We see that the index value of Star Wars is 1398.

In [18]:
# Now, for my correlation matrix, let's isolate the array that represents Star Wars, at numerical index value 1398. 
corr_star_wars = corr_mat[1398]

# check the shape
corr_star_wars.shape

(1664,)

We have a vertical array of 1,664 rows, each of the rows contains a Pearson r coefficient that indicates how well each movie in the dataset correlates with Star Wars, based on user preferences. 

### Recommending a Highly Correlated Movie

Now let's generate a list of movie names that exhibit a high degree of correlation with Star Wars.

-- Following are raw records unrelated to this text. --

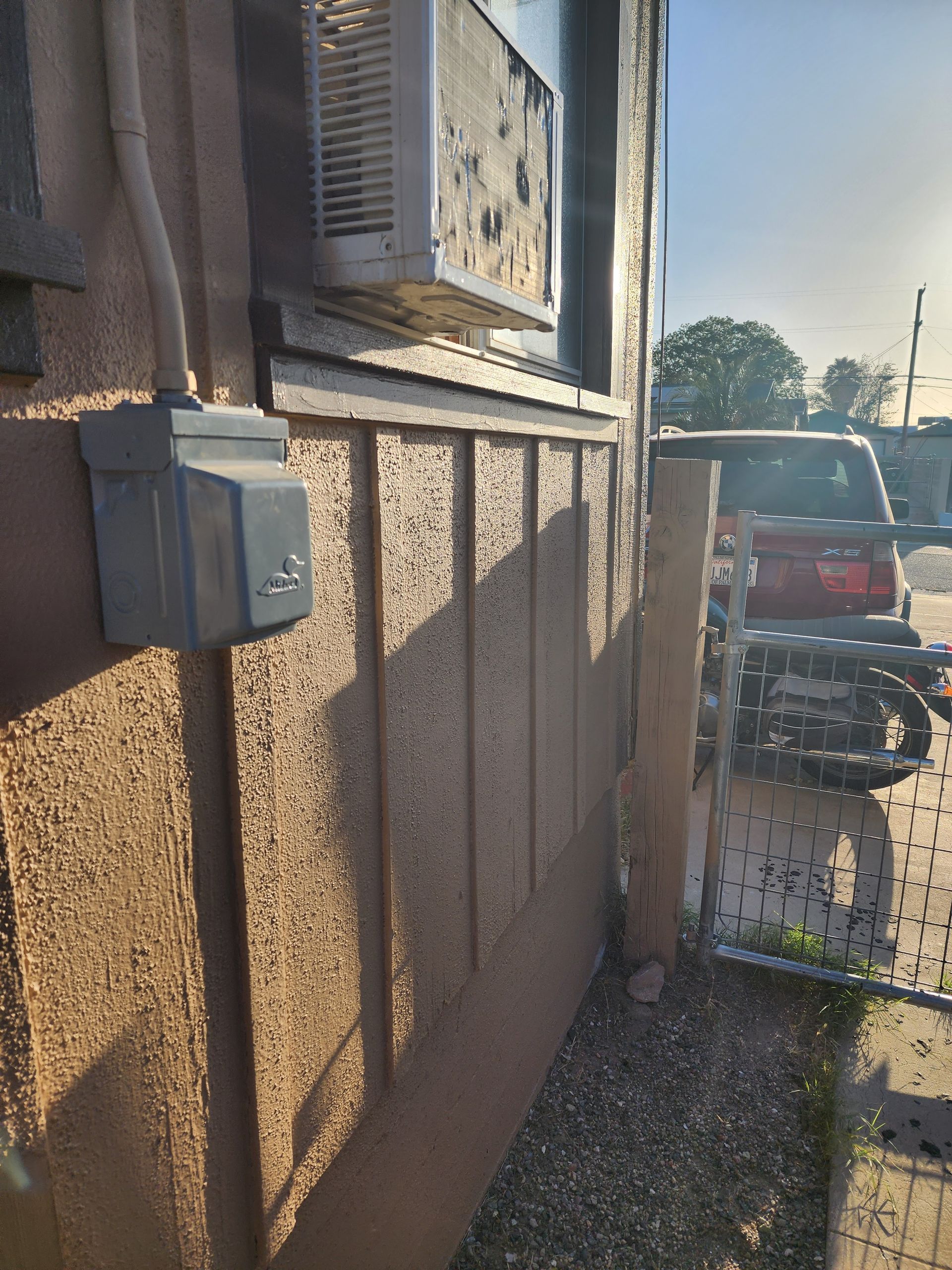 Side of a building with electrical boxes and a narrow walkway beside parked cars in sunlight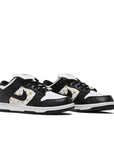 A pair of the Nike dunk supreme low skating shoes in a gold stars white black colour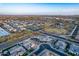 Aerial view of a well-planned community showcasing tree-lined streets and beautiful homes at 21397 S 215Th Way, Queen Creek, AZ 85142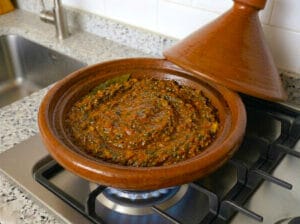 Tagine featuring a rich tomato sauce seasoned with Moroccan chermoula
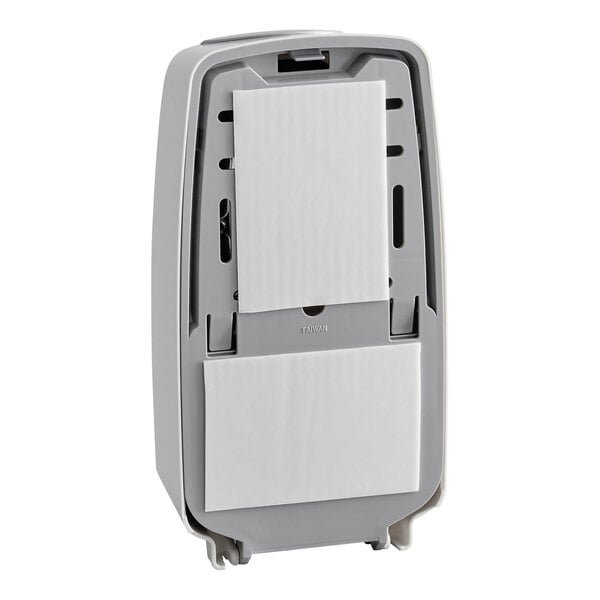 A white touch-free automatic foam hand soap or sanitizer dispenser with a 33.8 fl. oz. (1000 mL) capacity.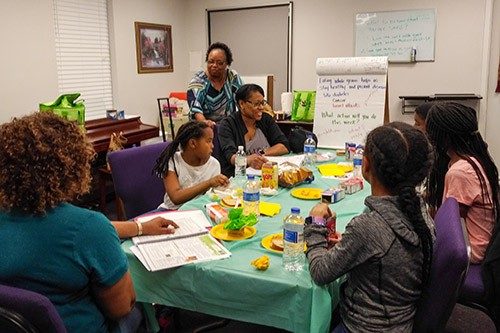 Adults and children sitting at a table learning about healthy food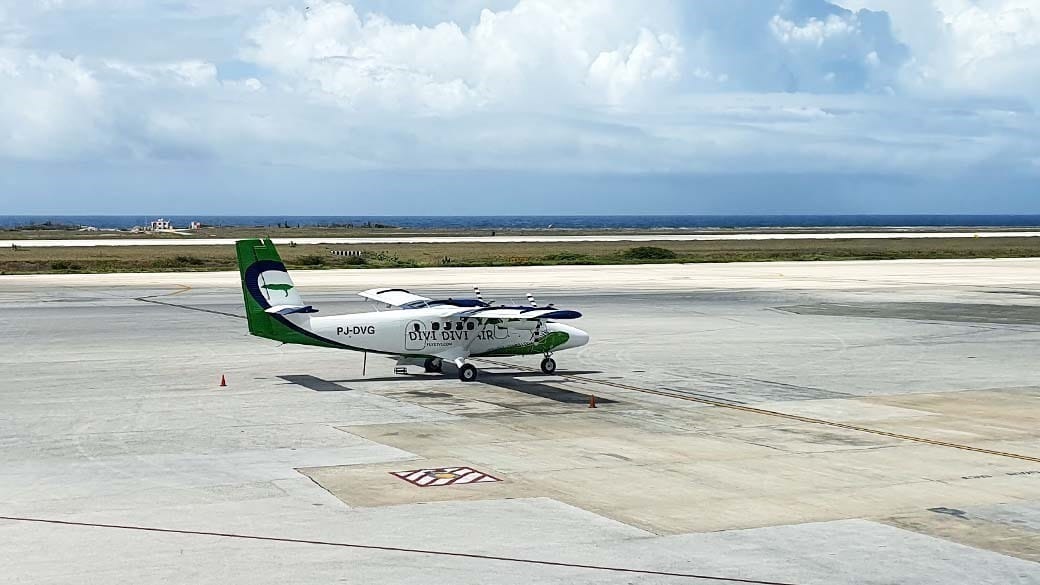Eine Propellermaschine der Fluggesellschaft Divi Divi Air auf dem Rollfeld des Flughafens Hato mit dem Divi Divi Baum als Logo - zu sehen auf der Heckflosse des Flugzeugs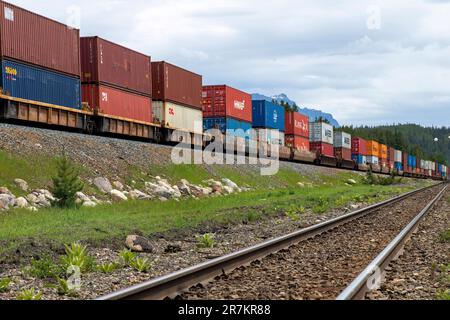 Lago Louise, AB, Canada-Agosto 2022; Vista lungo il argine ferroviario con locomotive canadesi del Pacifico che tirano le automobili con i container Foto Stock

To do that, we'll call the list function, and then pass in the expression to retrieve only the movies that have a Pearson r coefficient close to one.

In [19]:


# we select the movie names that have a correlation with Star Wars, of less than one but greater than 0.9.
list(movie_names[(corr_star_wars<1.0) & (corr_star_wars > 0.9)])

['Die Hard (1988)',
 'Empire Strikes Back, The (1980)',
 'Fugitive, The (1993)',
 'Raiders of the Lost Ark (1981)',
 'Return of the Jedi (1983)',
 'Terminator 2: Judgment Day (1991)',
 'Terminator, The (1984)',
 'Toy Story (1995)']

Here we get a list of movie names that have a high degree of correlation with Star Wars. 

Now let's make a list of movies that correlates with Star Wars even a little closer (having a correlation of Pearson r greater than 0.95) 

In [15]:
list(movie_names[(corr_star_wars<1.0) & (corr_star_wars > 0.95)])

['Return of the Jedi (1983)']

We get 'Return of the Jedi, 1983', now both movies came out around they same time, and they're both very popular sci-fi films. 

So it really makes sense that if a person likes Star Wars from 1977, then they'll probably also really like Return of the Jedi 1983.